Fleisch ist billig in Deutschland, das weiß jeder. Aber ein Discounter-Angebot von 1,99 Euro für 600 Gramm Nackensteak musste Dominik Boisen vor lauter Wut dann doch bei Facebook kommentieren. Und das Netz fängt an zu kochen und zu diskutieren. Gut so!

Wer seinen Sommer hierzulande größtenteils auf Hinterhof-Balkonen oder in Parks verbringt, der weiß, was der Grill dem Deutschen bedeutet. Fast zu jeder Tageszeit, legt jemand irgendwo in Deutschland ein Steak, Kotelett oder Würstchen auf den Grillrost – so scheint es zumindest.

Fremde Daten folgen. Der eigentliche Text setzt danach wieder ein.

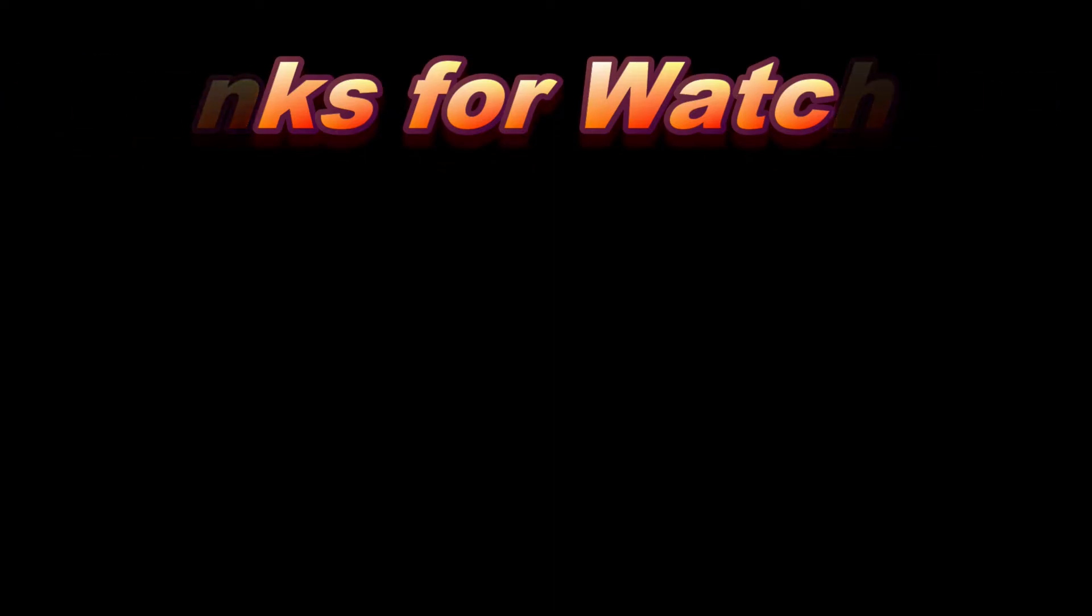All right, guys. So thanks for watching. If you guys have any questions or comments, just leave them below. And I try to reply to some of them. So have a good day. Take care. Bye.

Dominik Boisen versteht die Welt nicht mehr

Und Nachschub ist in der Regel auch sehr billig zu bekommen. Ein ganz besonderes Billig-Fleisch-Angebot gab es vor einigen Wochen bei Aldi Süd. 1,99 Euro für 600 Gramm Nackensteak in Barbecue-Marinade. Das ging Dominik Boisen zu weit: Er kann nicht verstehen, warum ein Schweinenackensteak billiger sein muss als eine Dose Hundefutter.

“Bei einer Radiowerbung hab ich gedacht, das kann nicht sein: Ne Dose Hundefutter, 400 Gramm, kostet 2,40 Euro, und hier dann 600 Gramm Nackensteak für 1,99 Euro. Das stimmt nicht, da ist irgendwas aus den Fugen geraten.“
Dominik Boisen

Dominik Boisen ist 36 Jahre alt, lebt in der Nähe von München und hat mit dem Thema Tierschutz eigentlich nichts zu tun, sagt er uns. Er isst auch selbst ab und zu mal Fleisch, und ist laut seines Posts bei Facebook kein ideologisch verblendeter Ökofaschist. Aber er kritisiert vor allem die fehlende Wertschätzung den Tieren gegenüber, also denen, die sich am wenigsten gegen ihre Haltungsbedingungen wehren können.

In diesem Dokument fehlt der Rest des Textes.